WHAT YOU NEED TO DO ▸ Restate the listing below word for word; no picture is to be carried over.

SUPPLIED INFORMATION ▸

-- Opening Marker --

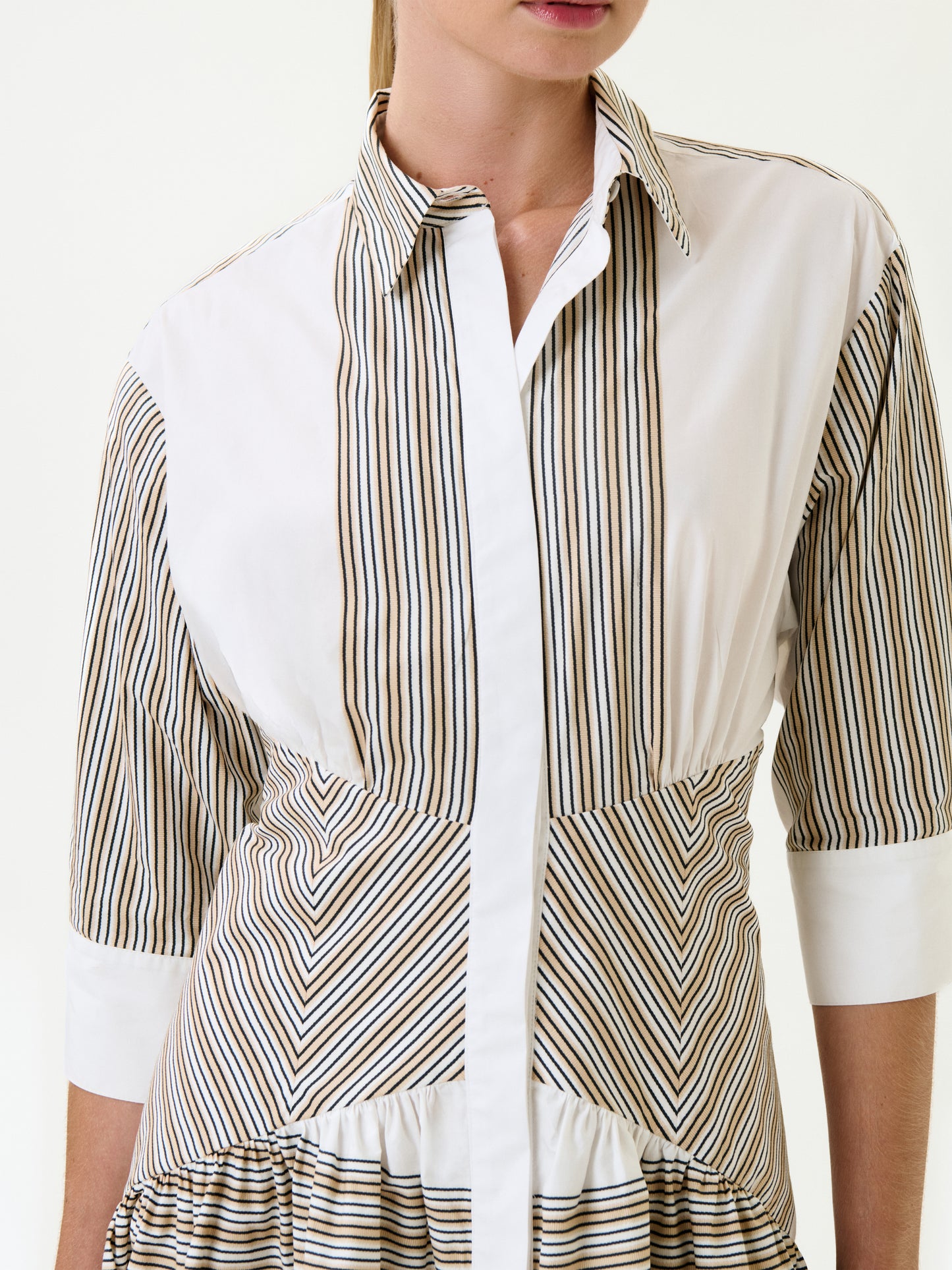 The woman wears the Indy Dress, a white button-up midi dress with vertical and diagonal brown and black stripes in 100% Italian cotton. Featuring a collared neckline and three-quarter sleeves, her face is partially out of frame.
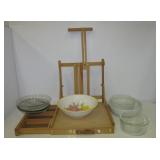 Wood art storage unit, Pyrex mixing bowls, and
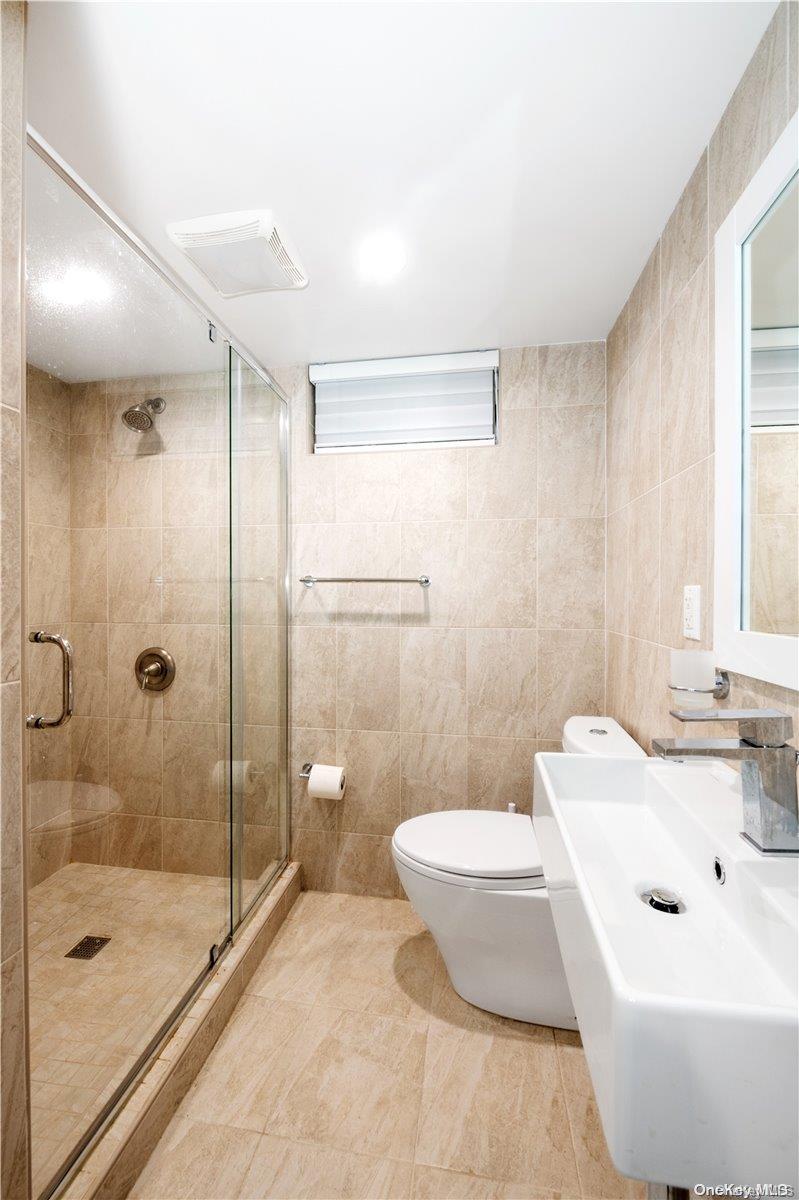 29-33 212th Street, Unit 1F Queens, NY 11360 - Photo 12 of 14 Full bathroom featuring a shower stall and tile walls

-- Closing Marker --

TASK RESULT ▸
 The woman wears the Indy Dress, a white button-up midi dress with vertical and diagonal brown and black stripes in 100% Italian cotton. Featuring a collared neckline and three-quarter sleeves, her face is partially out of frame.
 Wood art storage unit, Pyrex mixing bowls, and
 29-33 212th Street, Unit 1F Queens, NY 11360 - Photo 12 of 14 Full bathroom featuring a shower stall and tile walls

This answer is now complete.